- Researchers from Stanford and other schools are starting to closely study how videoconferencing affects people on a psychological level.
- For example, research suggests that the little box during a videoconference that allows users to see themselves is unnatural and can lead to constant self-evaluation.
- However, there are some easy fixes that people can try at home now to improve their videoconferencing experience.
Ever get off of a video call and feel like it wiped you out?
You're not alone — as people around the world left offices last March and replaced in-person meetings with videoconferences from spare bedrooms and kitchens, they started noticing that videoconferencing made them feel tired.
The phenomenon was dubbed Zoom fatigue, after the popular videoconferencing software.
As the Covid pandemic enters its second year, with many people still working and attending school remotely, researchers from Stanford and other schools are starting to closely study how videoconferencing affects people on a psychological level.
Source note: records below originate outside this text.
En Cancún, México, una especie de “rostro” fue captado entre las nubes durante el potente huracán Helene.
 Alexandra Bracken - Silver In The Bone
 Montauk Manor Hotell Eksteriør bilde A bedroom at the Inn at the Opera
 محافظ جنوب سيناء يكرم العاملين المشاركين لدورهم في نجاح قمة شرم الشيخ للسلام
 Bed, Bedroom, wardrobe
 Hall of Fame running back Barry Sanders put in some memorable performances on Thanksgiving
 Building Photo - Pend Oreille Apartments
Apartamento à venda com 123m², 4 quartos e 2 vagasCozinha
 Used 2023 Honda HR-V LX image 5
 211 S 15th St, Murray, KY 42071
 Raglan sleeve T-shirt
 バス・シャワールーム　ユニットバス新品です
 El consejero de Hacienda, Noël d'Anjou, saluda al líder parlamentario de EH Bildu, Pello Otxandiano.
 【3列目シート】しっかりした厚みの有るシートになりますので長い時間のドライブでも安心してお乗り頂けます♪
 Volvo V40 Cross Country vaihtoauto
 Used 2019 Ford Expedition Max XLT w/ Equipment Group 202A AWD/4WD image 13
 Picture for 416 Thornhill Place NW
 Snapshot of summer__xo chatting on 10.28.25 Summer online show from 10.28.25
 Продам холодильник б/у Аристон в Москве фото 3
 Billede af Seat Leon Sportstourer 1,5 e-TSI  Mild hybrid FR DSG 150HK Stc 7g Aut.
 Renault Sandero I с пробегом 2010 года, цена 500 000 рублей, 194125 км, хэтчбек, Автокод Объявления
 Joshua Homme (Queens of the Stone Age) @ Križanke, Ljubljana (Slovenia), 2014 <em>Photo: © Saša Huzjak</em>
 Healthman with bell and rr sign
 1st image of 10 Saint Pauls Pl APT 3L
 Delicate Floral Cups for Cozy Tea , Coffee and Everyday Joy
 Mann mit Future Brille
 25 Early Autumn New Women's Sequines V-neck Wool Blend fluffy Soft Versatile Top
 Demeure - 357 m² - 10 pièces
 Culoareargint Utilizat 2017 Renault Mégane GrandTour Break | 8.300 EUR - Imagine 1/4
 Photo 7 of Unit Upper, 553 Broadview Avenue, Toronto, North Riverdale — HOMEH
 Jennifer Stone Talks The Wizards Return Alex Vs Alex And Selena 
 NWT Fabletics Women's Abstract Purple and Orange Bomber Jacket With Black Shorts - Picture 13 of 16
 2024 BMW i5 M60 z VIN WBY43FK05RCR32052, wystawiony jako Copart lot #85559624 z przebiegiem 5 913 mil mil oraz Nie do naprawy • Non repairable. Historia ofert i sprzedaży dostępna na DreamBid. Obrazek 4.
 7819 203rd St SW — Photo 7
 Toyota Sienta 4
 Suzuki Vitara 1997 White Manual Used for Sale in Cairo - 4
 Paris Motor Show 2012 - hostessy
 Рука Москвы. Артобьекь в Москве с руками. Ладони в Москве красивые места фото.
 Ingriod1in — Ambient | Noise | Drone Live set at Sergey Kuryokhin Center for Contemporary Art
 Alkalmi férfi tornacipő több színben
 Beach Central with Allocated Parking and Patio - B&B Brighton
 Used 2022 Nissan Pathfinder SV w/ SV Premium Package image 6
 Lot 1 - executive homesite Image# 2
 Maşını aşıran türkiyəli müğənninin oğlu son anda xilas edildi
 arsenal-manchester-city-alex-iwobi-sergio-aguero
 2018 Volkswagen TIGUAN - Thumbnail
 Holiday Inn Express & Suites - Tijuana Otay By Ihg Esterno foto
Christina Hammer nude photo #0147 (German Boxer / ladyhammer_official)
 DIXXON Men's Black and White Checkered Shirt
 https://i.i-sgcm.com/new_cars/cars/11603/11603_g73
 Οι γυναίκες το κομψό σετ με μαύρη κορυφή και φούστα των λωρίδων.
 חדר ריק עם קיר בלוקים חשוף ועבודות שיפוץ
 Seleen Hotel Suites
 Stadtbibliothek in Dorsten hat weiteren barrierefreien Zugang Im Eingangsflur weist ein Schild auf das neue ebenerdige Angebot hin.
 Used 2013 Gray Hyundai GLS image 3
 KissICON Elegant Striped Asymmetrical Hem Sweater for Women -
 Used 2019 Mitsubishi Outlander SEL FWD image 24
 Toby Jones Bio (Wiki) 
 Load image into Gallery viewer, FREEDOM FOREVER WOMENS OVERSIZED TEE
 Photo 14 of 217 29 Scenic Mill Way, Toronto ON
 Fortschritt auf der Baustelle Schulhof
There are four main ways that videoconferencing could contribute to feelings of exhaustion, wrote Jeremy Bailenson, founding director of Stanford University's Virtual Human Interaction Lab, in a paper published Wednesday:
- Videoconferencing forces users to make extended eye contact
- Nonverbal signals like nodding require more effort
- The little box where users see themselves is unnatural
- Users are forced to sit in one place.
"Going from, on average, a handful of video conferences per week to, in some cases, nine or 10 a day, that's a really new thing in media use history," Bailenson said.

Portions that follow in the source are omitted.